= Vima Nyingtik =

Collection of religious teachings that are studied in Tibetan Buddhism

Vima Nyingthig, "Seminal Heart of Vimalamitra", in Tibetan Buddhism is one of the two "seminal heart" collections of the menngagde cycle Dzogchen, the other one being "Seminal Heart of the Dakini" (mkha' 'gro snying thig). Traditionally the teachings are ascribed to Vimalamitra, but they were codified and collated by their Tibetan discoverers in the 11th and 12th century. The main discoverer of the Vima Nyingthig was Zhangtön Tashi Dorjé.

==History==
The Vima Nyingthig is founded principally on the seventeen tantras and the Troma tantra. It is the teachings both for and of the panditas, brought to Tibet by Vimalamitra.

==Contents==
The Vima Nyingtik itself consists of three sections:
1. tantras (rgyud), which refer to the Seventeen Tantras;
2. āgamas (lung), which are largely Tibetan syntheses; (Note: According to Namkhai Norbu and John Myrdhin Reynolds these agamas were compiled by Vimalamitra (fl. 8th century), and are known as the "five series". They are:
- the "Golden Letters",
- the "Turquoise Letters",
- the "Copper Letters",
- the "Conch Shell Letters"
- the "Variegated Letters".)
3. upadēśavargas (man ngag); these refer to 119 treatises of pith advice.

==Troma Tantra==

The "Troma Tantra" or the "Ngagsung Tromay Tantra" otherwise known as the "Ekajaṭĭ Khros Ma'i rGyud" focuses on rites of the protector, Ekajati.

==Seventeen tantras==

The "Seventeen tantras of the esoteric instruction cycle" are supports. These seventeen tantras are to be found in the Nyingma Gyubum ("Canon of the Ancient School"), volumes 9 and 10, folio numbers 143–159 of the edition edited by Jamyang Khyentse Rinpoche, commonly known as Dilgo Khyentse (Thimpu, Bhutan, 1973), reproduced from the manuscript preserved at Tingkye Gonpa Jang Monastery in Tibet.

==Lineage==
Rigdzin Kumaradza was a senior disciple of Melong Dorje (1243–1303). Kumaradza studied with the grand master Orgyenpa (1230–1309), who conveyed teachings of "Vimalamitra's Seminal Heart" upon him.

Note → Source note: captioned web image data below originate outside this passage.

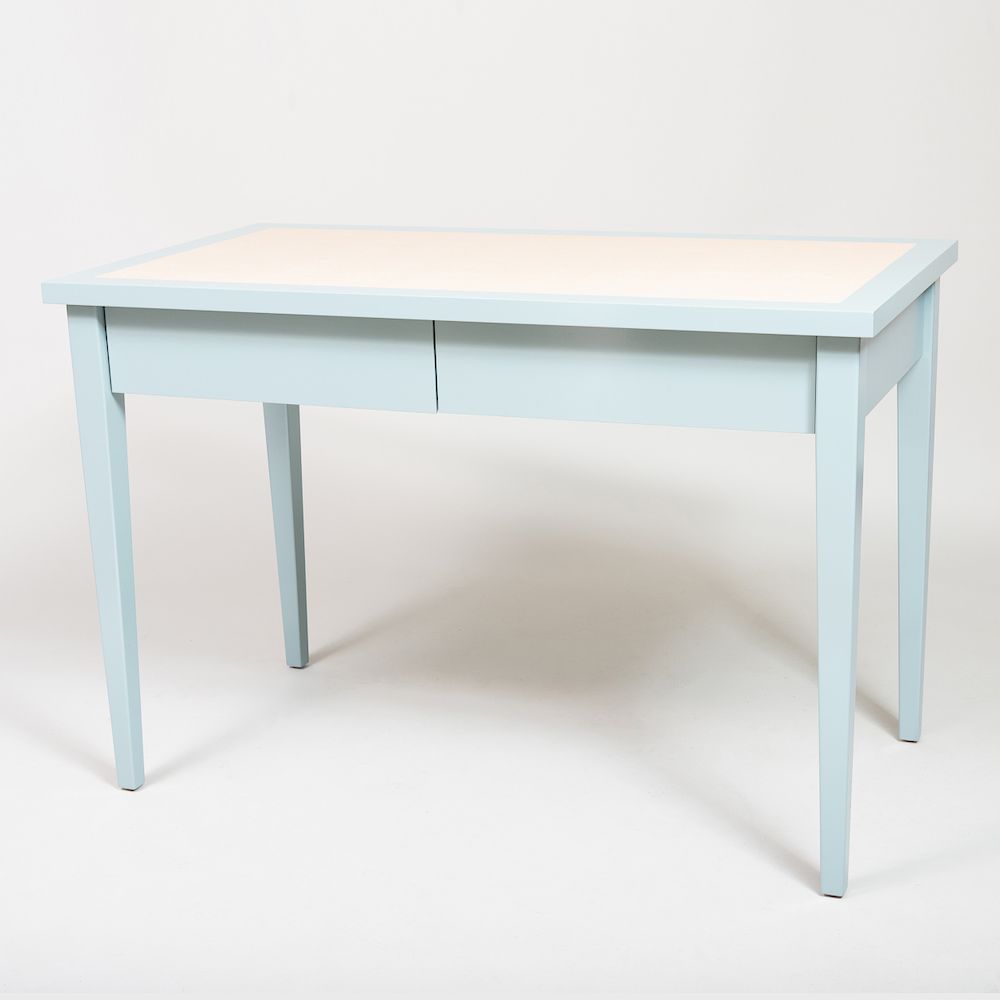 Appraisal: Pale Blue Lacquer and Faux Snakeskin Leather Desk of Recent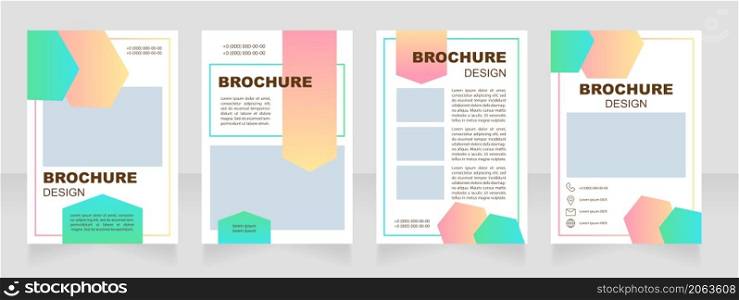 Pharmacy blank brochure layout design. Vertical poster template set with empty copyspace for text. Premade corporate reports collection. Editable flyer 4 paper pages. Myriad Pro, Arial fonts used. Pharmacy blank brochure layout design
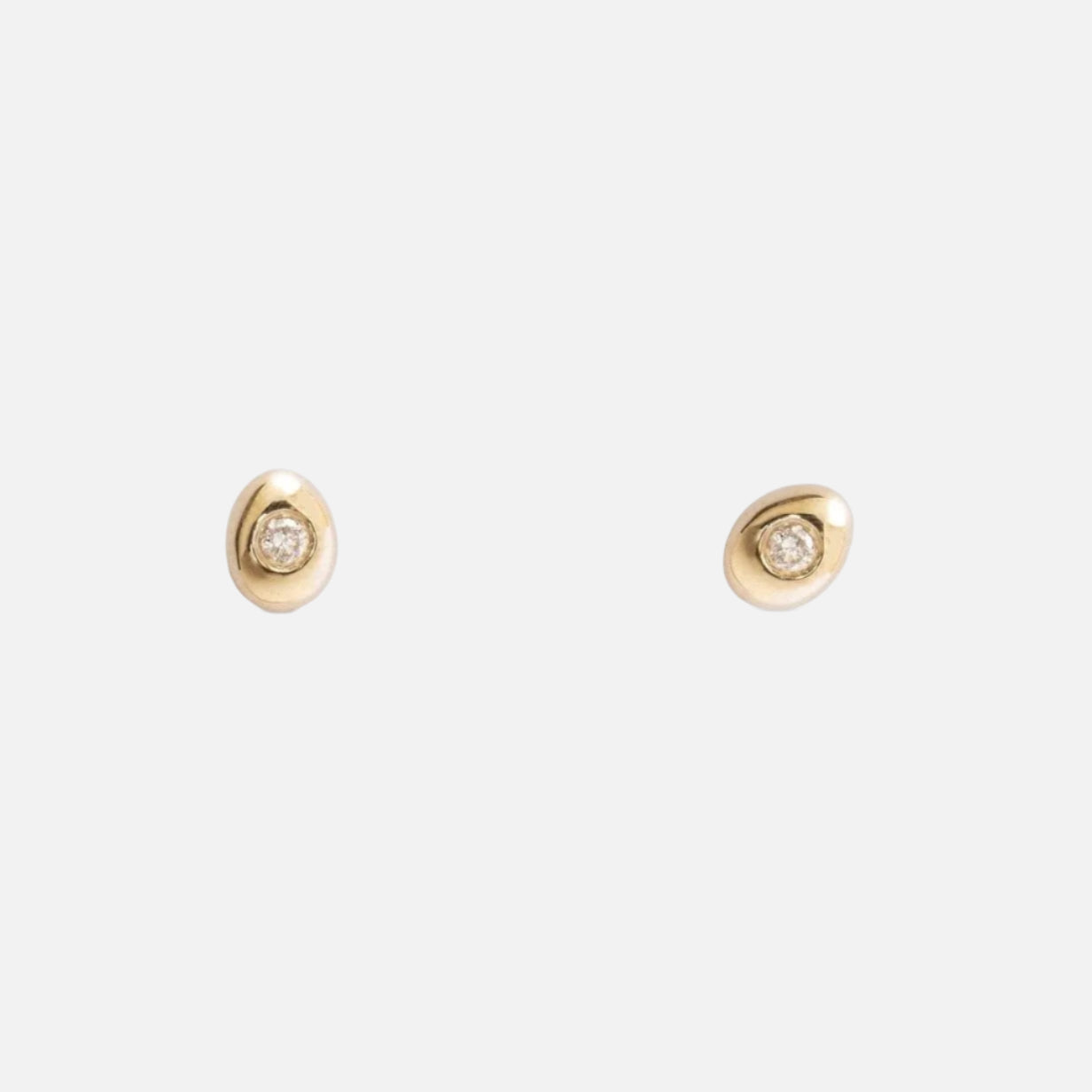 White Diamond Petite Pebble Studs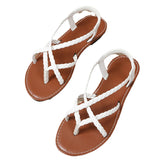 Breakj Sandals Women Summer 2024 New Woven Solid Color Herringbone Toe Casual Women's
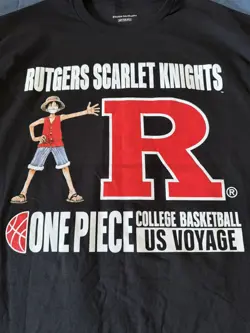 One Piece Monkey D. Luffy US Voyage College Basketball Card Rutgers + SHIRT - Image 5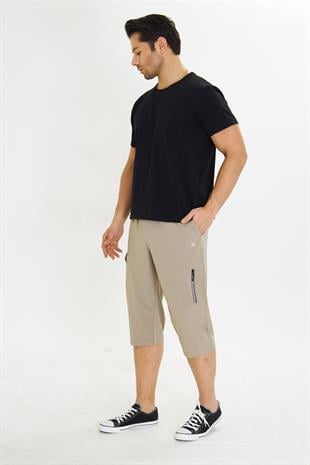 Erkek StretchFit Kargo Cepli Esnek Kapri Bej 6035-B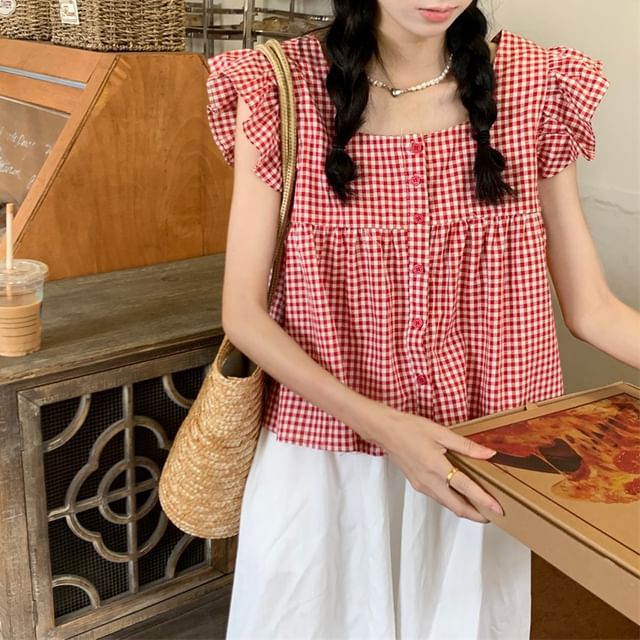 Mikiko-Flutter Sleeve Square Neck Plaid Blouse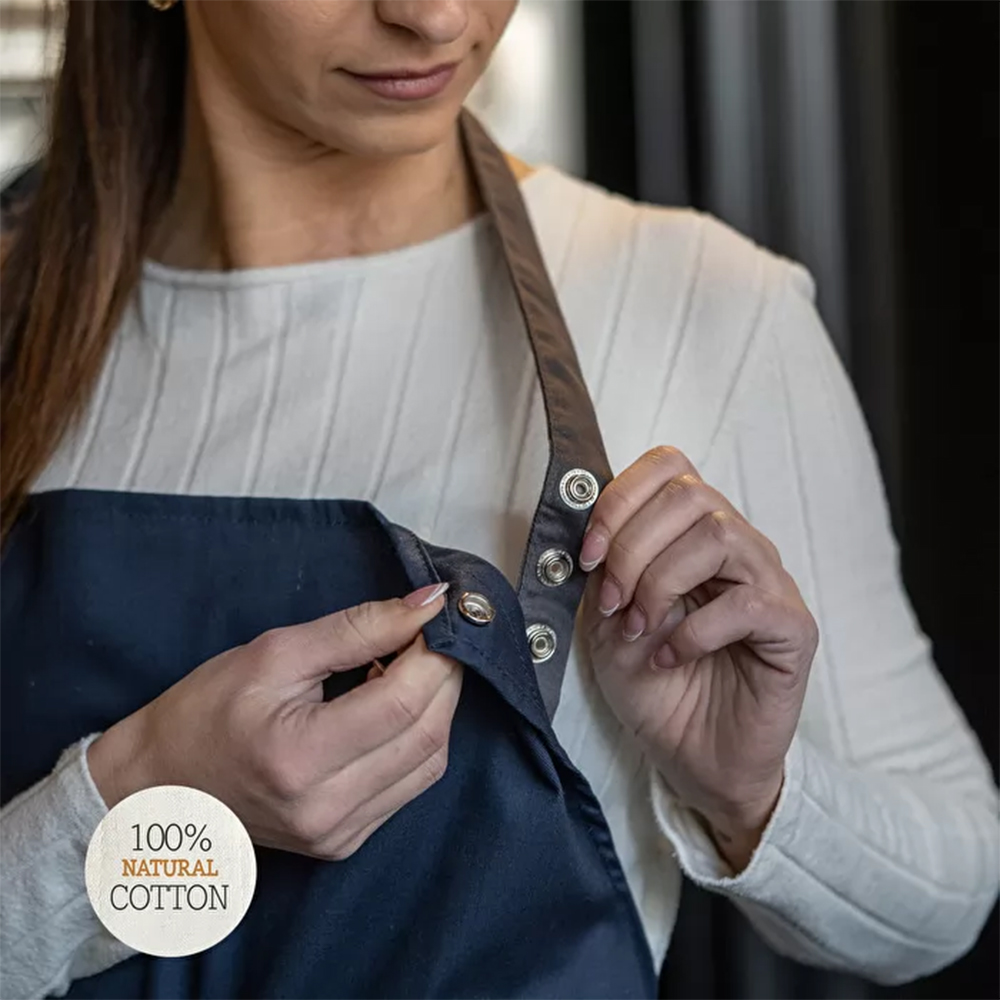 Natural Style Bib Apron Navy Blue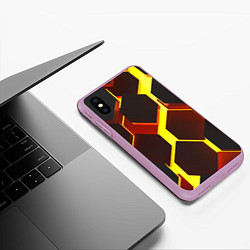 Чехол iPhone XS Max матовый Лавовые Соты 3D, цвет: 3D-сиреневый — фото 2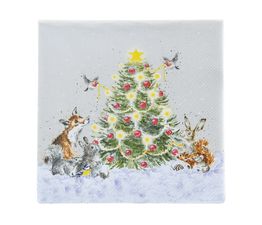 Wrendale Designs - Oh Christmas Tree Woodland Animals Napkin Lunch Size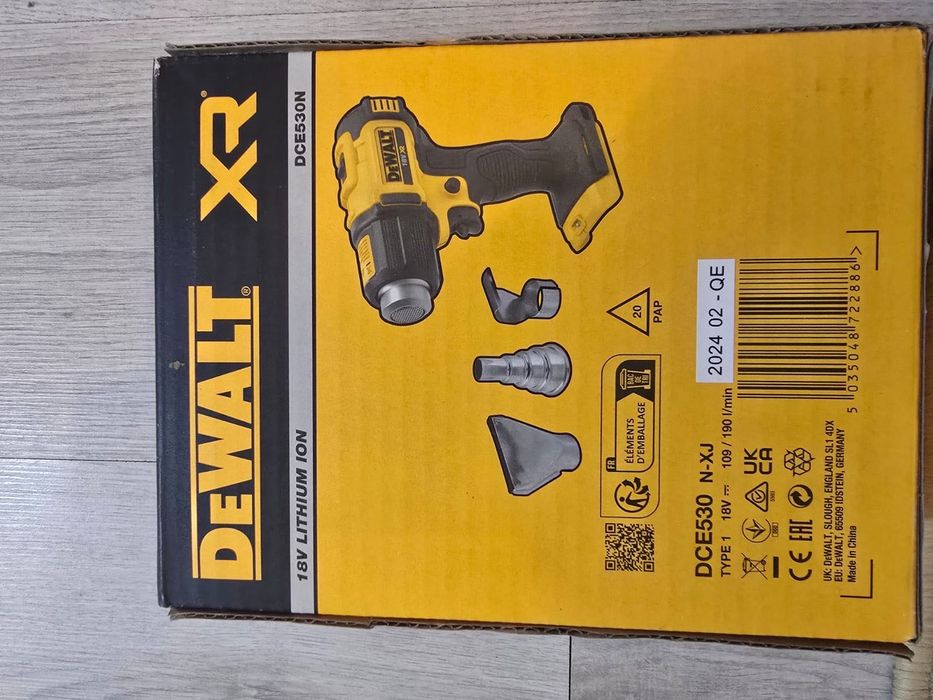Aкумулаторен пистолет за горещ въздух Dewalt DCE530N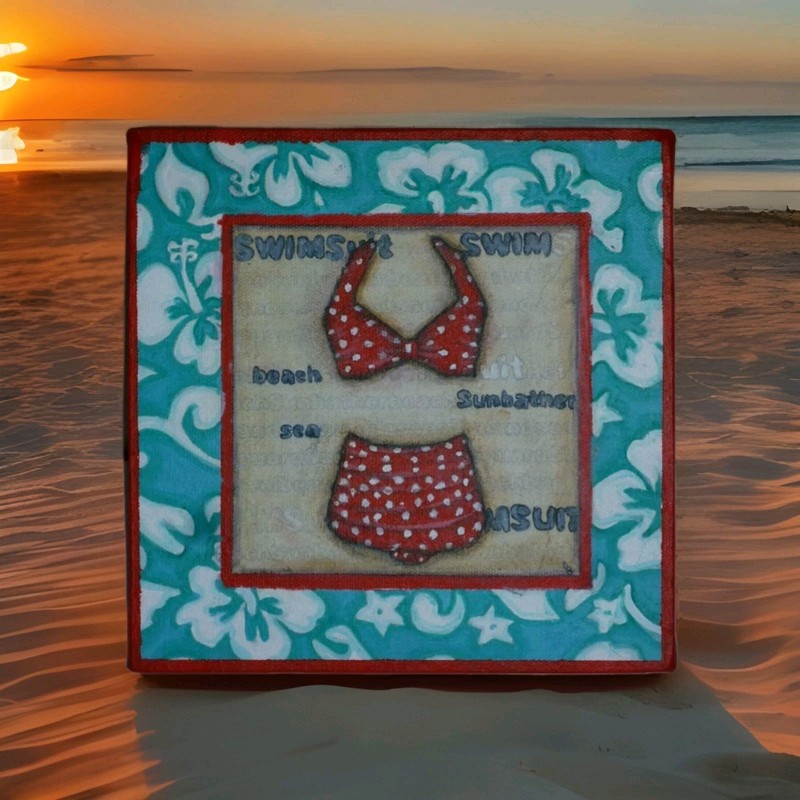 Red Polka Dot Bikini Original 8×8 Acrylic Painting Beach Sea Sun Swimsuit Art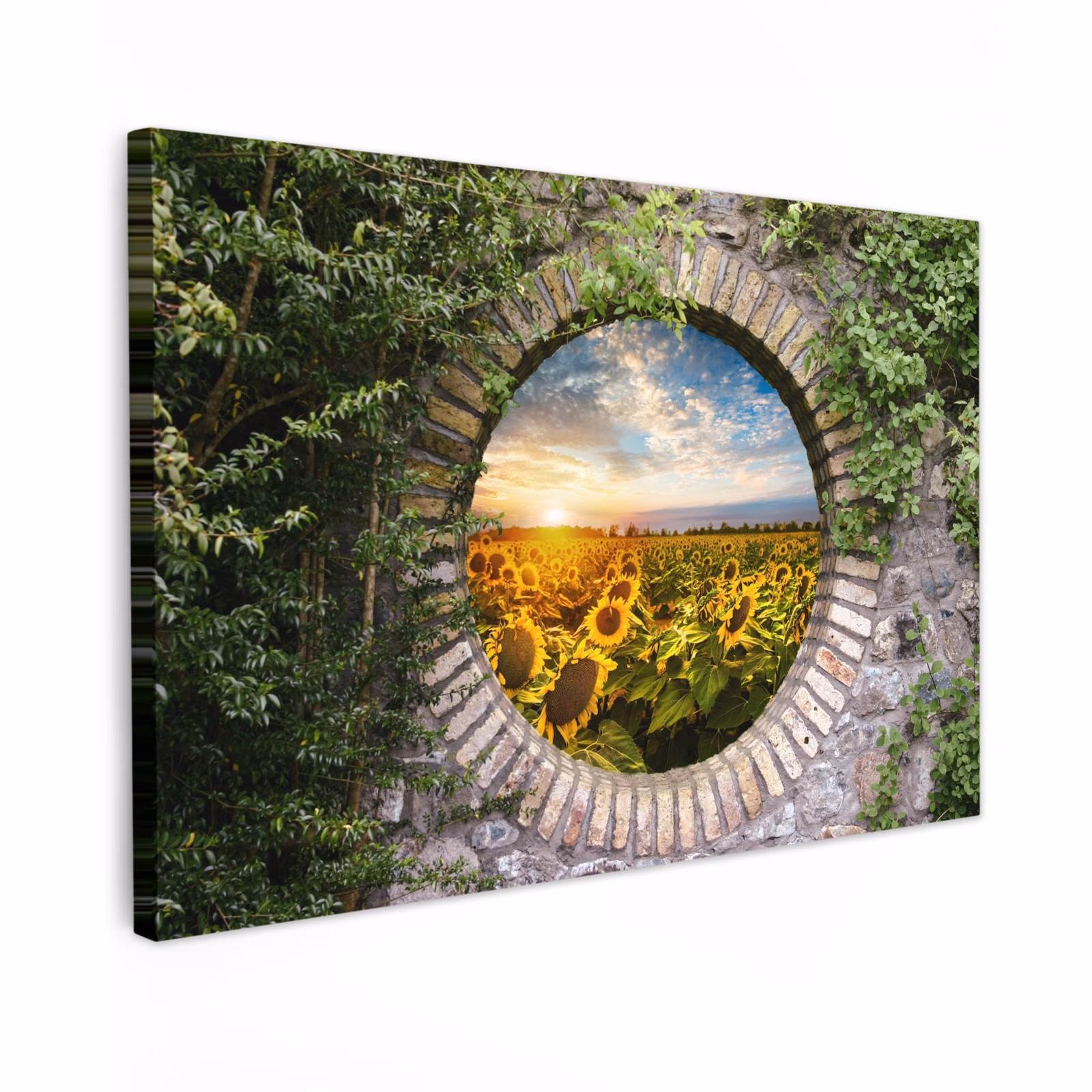 Buiten canvas - Ronde poort naar zonnebloemveld — 1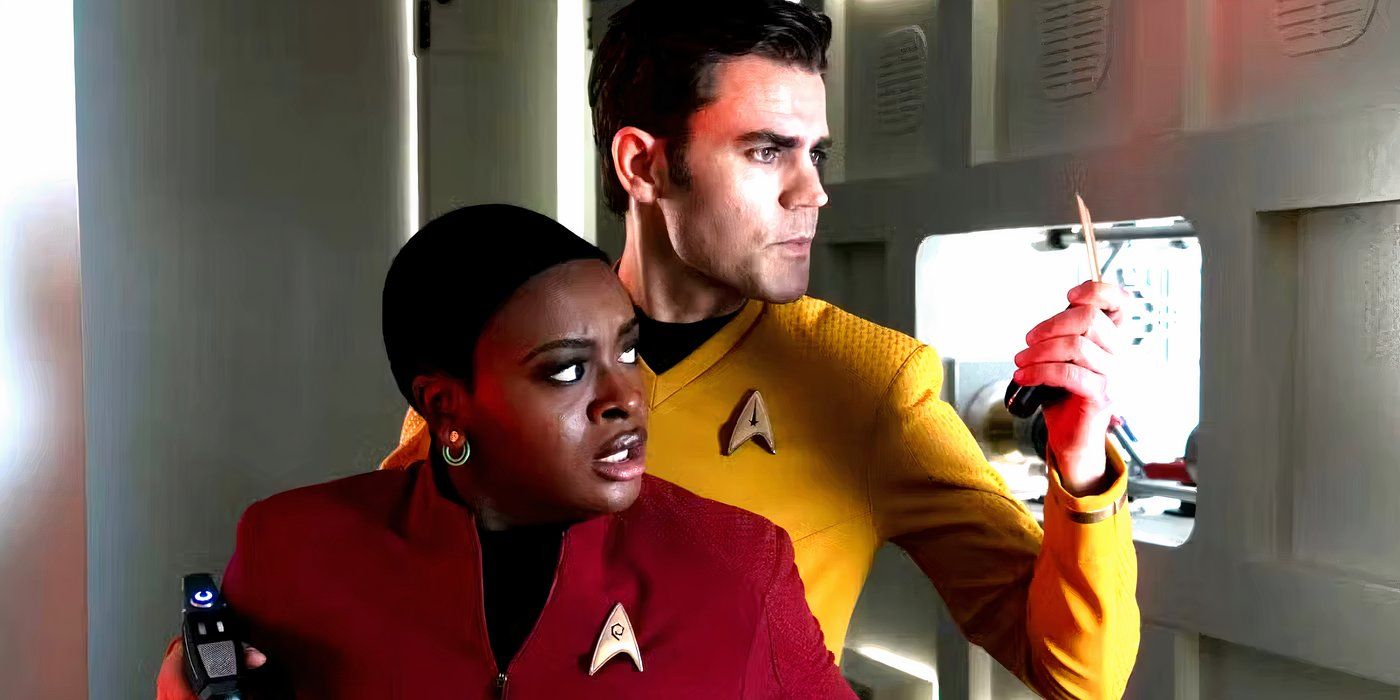 Kirk and Uhura Standing Together in Star Trek Strange New Worlds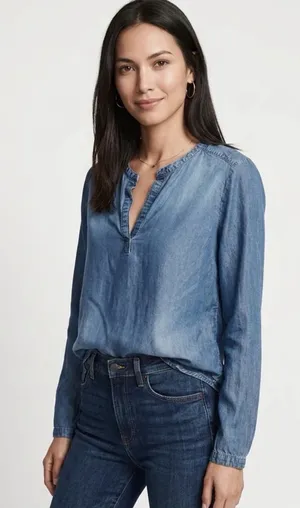 cloth & stone Washed Blue Denim-Effect Long-Sleeve Top thumbnail 1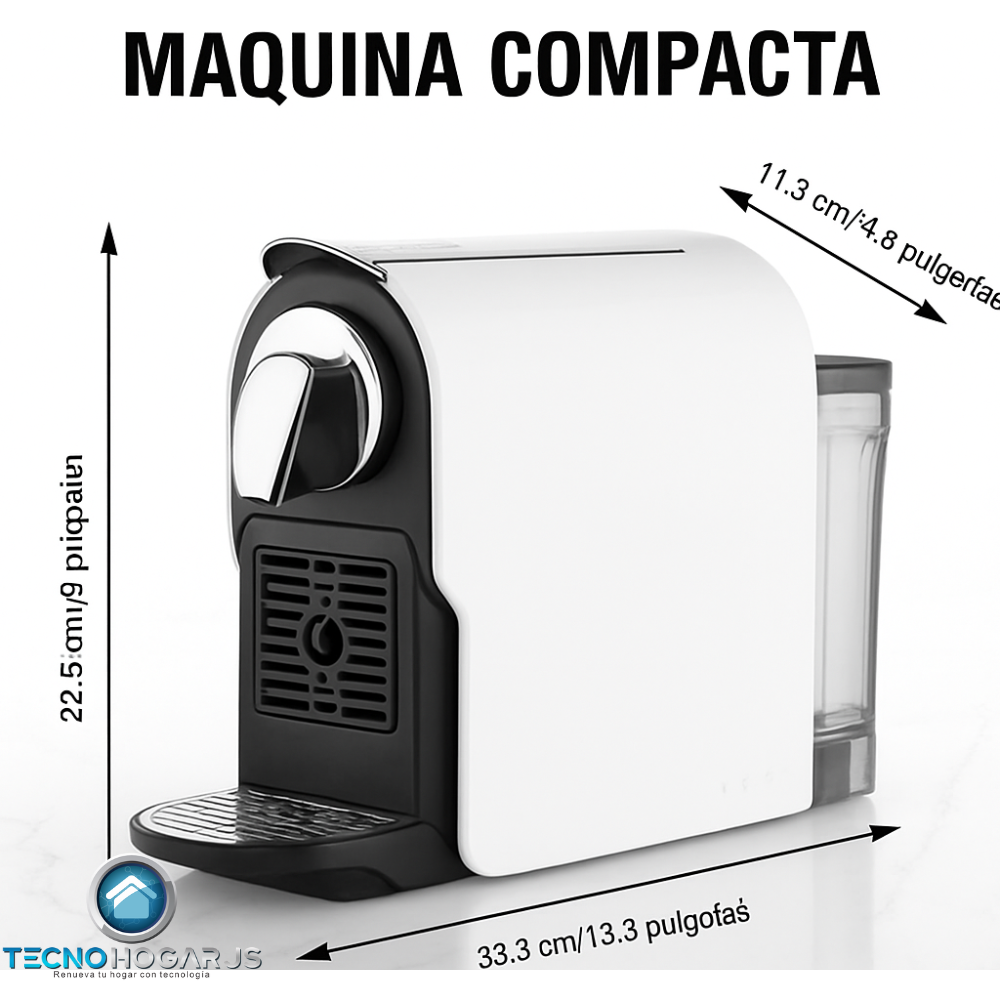 Cafetera Cápsulas Compatible Nespresso 19 Bares Espresso 750ml Blanca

==Testaments of the knowledge-holders==

"The Posthumous Teachings of the Vidyadhara" are found in the Vima Nyingtik. These are the last testaments of the early vidyadharas: Garab Dorje, Mañjuśrīmitra, Sri Singha and Jnanasutra. These testaments are post-humous as they were delivered by the vidhyadhara to their senior disciple from within a thigle of the Five Pure Lights in their rainbow body. In this tradition, the thigle is understood to be comparable to a pure land or mandala. These were first compiled by Vimalamitra in his five series (which consisted of the series of: Golden Letters, Copper Letters, Variegated Letters, Conch Shell Letters and Turquoise Letters). These posthumous teaching belong to the series of the "Golden Letters".

===Last testament of Garab Dorje===

"The Three Statement That Strike the Essential Points" or "The Three Vajra Verses"

===Last testament of Manjushrimitra===

"The Six Meditation Experiences"

===Last testament of Śrī Singha===

"The Seven Nails"

===Last testament of Jñānasūtra===

"The Four Methods of Establishing Absorption"

==Vima Nyingtik: Fourth Volume==

===The Eleven Themes===
Scheidegger (2009: p. 43) in a recent work discusses the first four of "The Eleven Themes" a work composed by Longchenpa contained in the fourth volume of the Vima Nyingtik.